What’s interesting about T0 SRs is you can easily identify the specific Edge Nodes upon which they reside. As you can see below, when creating ‘External’ interfaces for your T0 Gateway, you must select the specific Edge Node upon which this interface will exist.

When the first T0 Gateway ‘External’ interface is assigned to an Edge Node, a T0 SR is instantiated. Any additional ‘External’ interfaces created here will be provisioned on the existing T0 SR; remember, an Edge Node may possess only one T0 SR.
In contrast, when creating a T1 SR via Policy Mode, the only choice you must make in regards to Edge Nodes is selecting the Edge Cluster. The creation of a T1 SR results in an “Active” T1 SR and a “Standby” T1 SR which instantiated on two different Edge Nodes in the target cluster.
You may choose to select which Edge Nodes in the target Edge Cluster host the “Active” and “Standby” T1 SRs by utilizing the ‘Set’ option in the T1 configuration. As depicted below, an Edge Cluster named Edge-Cluster has been chosen for the T1, and circled in red is the ‘Set’ option.

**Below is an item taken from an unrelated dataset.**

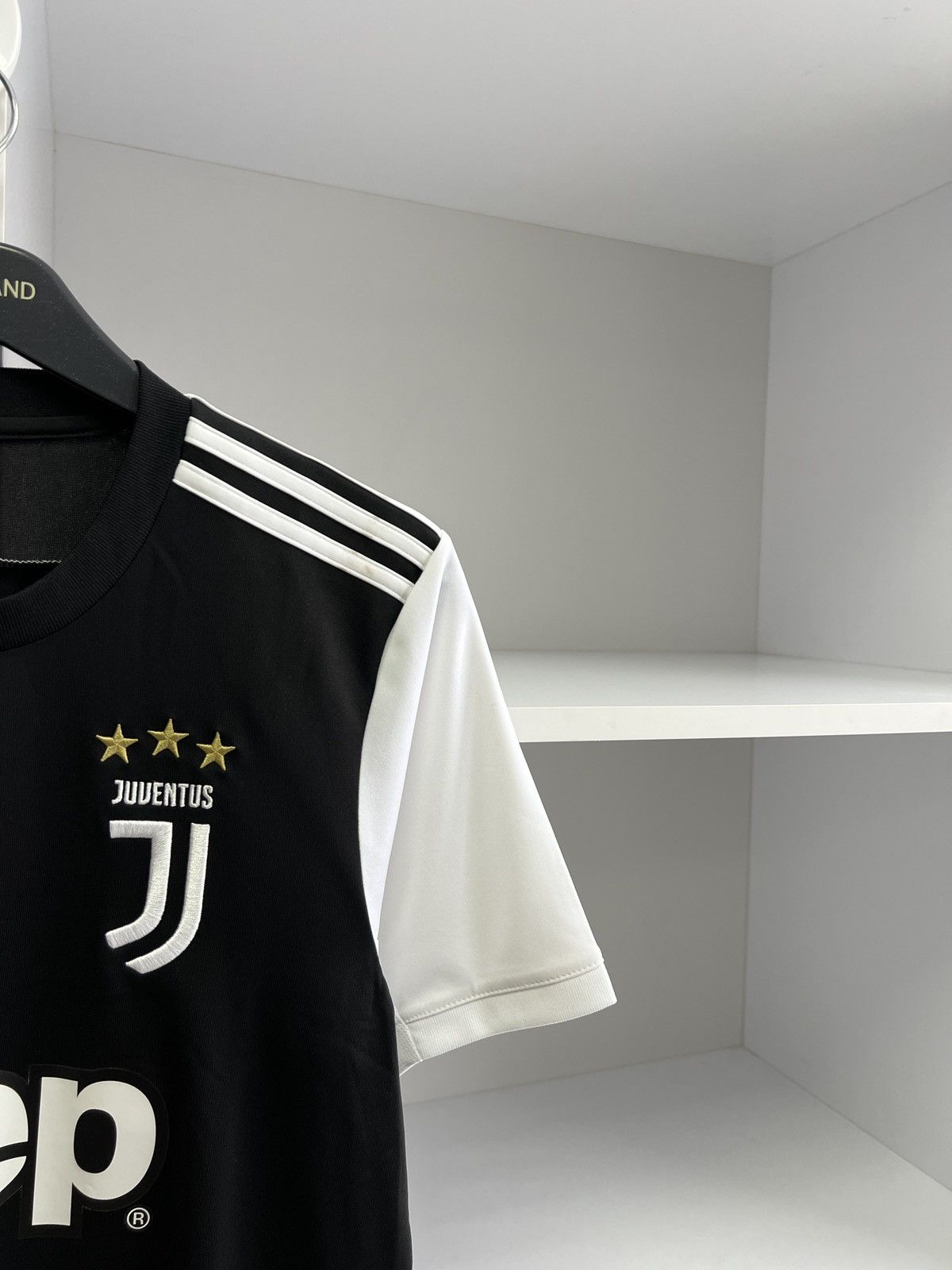 Adidas × Vintage Vintage Juventus 19/20 Home Jersey Size US S / EU 44-46 / 1 - 6 Thumbnail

As you can see in the circled section, if you do not manually set the target Edges, the “Active” and “Standby” T1 SRs will be auto-allocated to two Edge Nodes in the selected Edge Cluster.
Service Router deployment
In the diagram below, we have two racks and each rack is comprised of 2 ESXi hosts. We have deployed a single Edge Node to each host, and we’ve created a single NSX-T Edge Cluster containing all four Edge Nodes.

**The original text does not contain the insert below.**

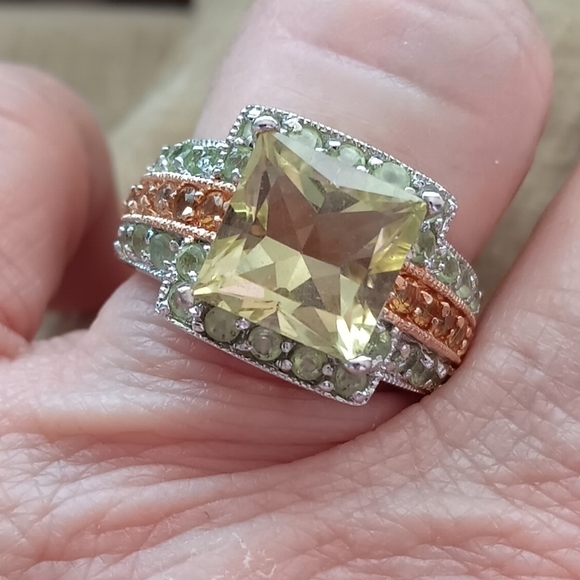 Silver Tone Square Cut Light Green Glass Ring - Picture 1 of 12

This deployment (Edge Nodes in an Edge Cluster spread among two racks) provides a degree of disaster resiliency. If we lose Rack 1 in the above diagram, we still have the Edge Nodes on Rack 2 providing us with services.
Let’s alter the diagram to focus on the T0 and T1 SRs that reside within the Edge Nodes. Below is an active/standby T0, with the active T0 SR on Edge Node EN01, and the standby T0 SR on Edge Node EN03. This deployment of T0 SRs calls back to the disaster resiliency topic in the previous paragraph; if Rack 1 fails, the standby T0 SR in Rack 2 will become active and continue to provide us with services.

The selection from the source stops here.